= Input =
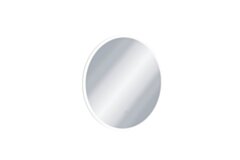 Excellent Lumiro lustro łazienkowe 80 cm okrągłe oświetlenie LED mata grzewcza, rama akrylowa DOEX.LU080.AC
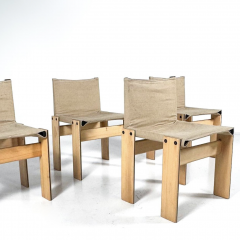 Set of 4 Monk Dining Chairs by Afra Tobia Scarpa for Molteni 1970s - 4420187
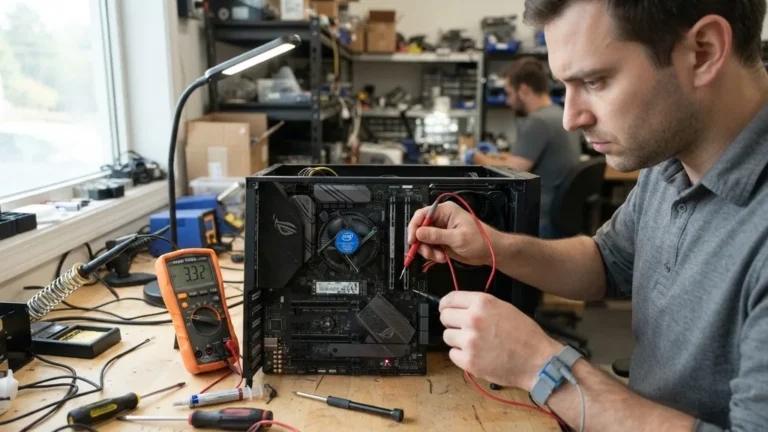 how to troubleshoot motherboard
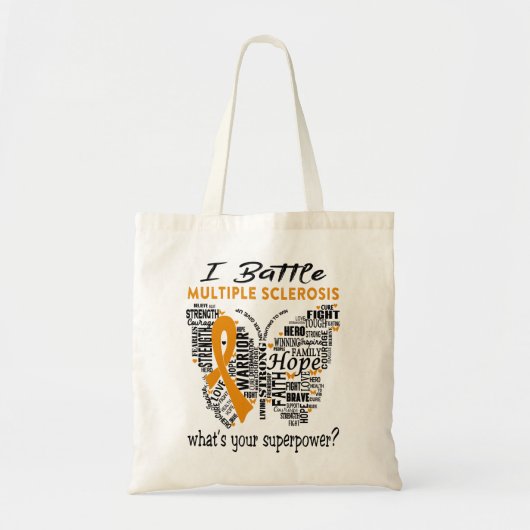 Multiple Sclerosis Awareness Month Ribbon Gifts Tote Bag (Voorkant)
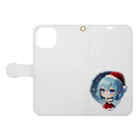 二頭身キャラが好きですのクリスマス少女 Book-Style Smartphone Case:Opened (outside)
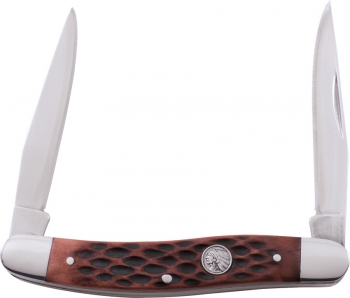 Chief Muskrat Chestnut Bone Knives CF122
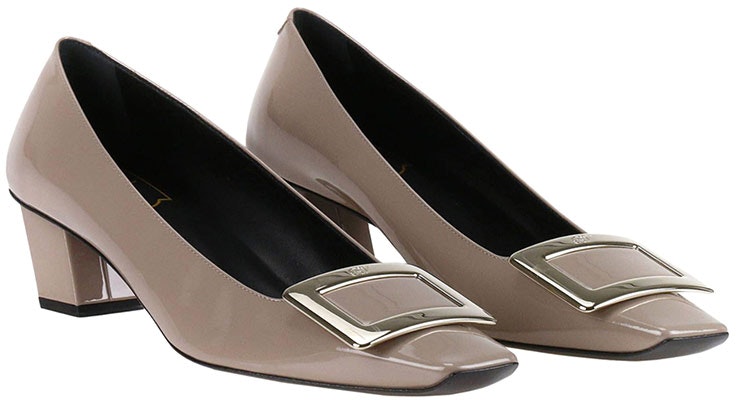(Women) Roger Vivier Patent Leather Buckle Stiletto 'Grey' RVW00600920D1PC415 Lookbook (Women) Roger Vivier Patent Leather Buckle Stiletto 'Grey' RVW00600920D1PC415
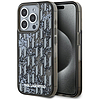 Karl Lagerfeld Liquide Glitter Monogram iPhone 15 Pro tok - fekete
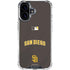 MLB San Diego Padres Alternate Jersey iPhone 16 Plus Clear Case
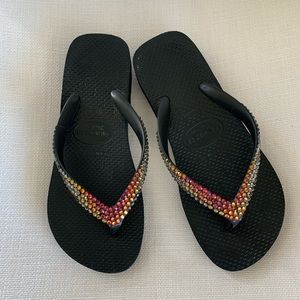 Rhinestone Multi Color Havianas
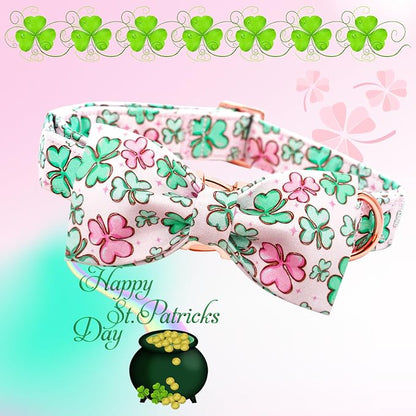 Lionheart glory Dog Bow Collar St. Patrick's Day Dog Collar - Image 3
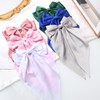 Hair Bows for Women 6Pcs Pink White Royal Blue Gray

= Prompt =
Images stay out; the entries above are to be printed exactly.

= Result =
 Excellent Lumiro lustro łazienkowe 80 cm okrągłe oświetlenie LED mata grzewcza, rama akrylowa DOEX.LU080.AC
 Set of 4 Monk Dining Chairs by Afra Tobia Scarpa for Molteni 1970s - 4420187
 how to troubleshoot motherboard
 Multiple Sclerosis Awareness Month Ribbon Gifts Tote Bag (Voorkant)
 二頭身キャラが好きですのクリスマス少女 Book-Style Smartphone Case:Opened (outside)
 Chief Muskrat Chestnut Bone Knives CF122
(Women) Roger Vivier Patent Leather Buckle Stiletto 'Grey' RVW00600920D1PC415 Lookbook (Women) Roger Vivier Patent Leather Buckle Stiletto 'Grey' RVW00600920D1PC415
 Karl Lagerfeld Liquide Glitter Monogram iPhone 15 Pro tok - fekete
 MLB San Diego Padres Alternate Jersey iPhone 16 Plus Clear Case
 Rhinestone Multi Color Havianas
 Lionheart glory Dog Bow Collar St. Patrick's Day Dog Collar - Image 3
 Hair Bows for Women 6Pcs Pink White Royal Blue Gray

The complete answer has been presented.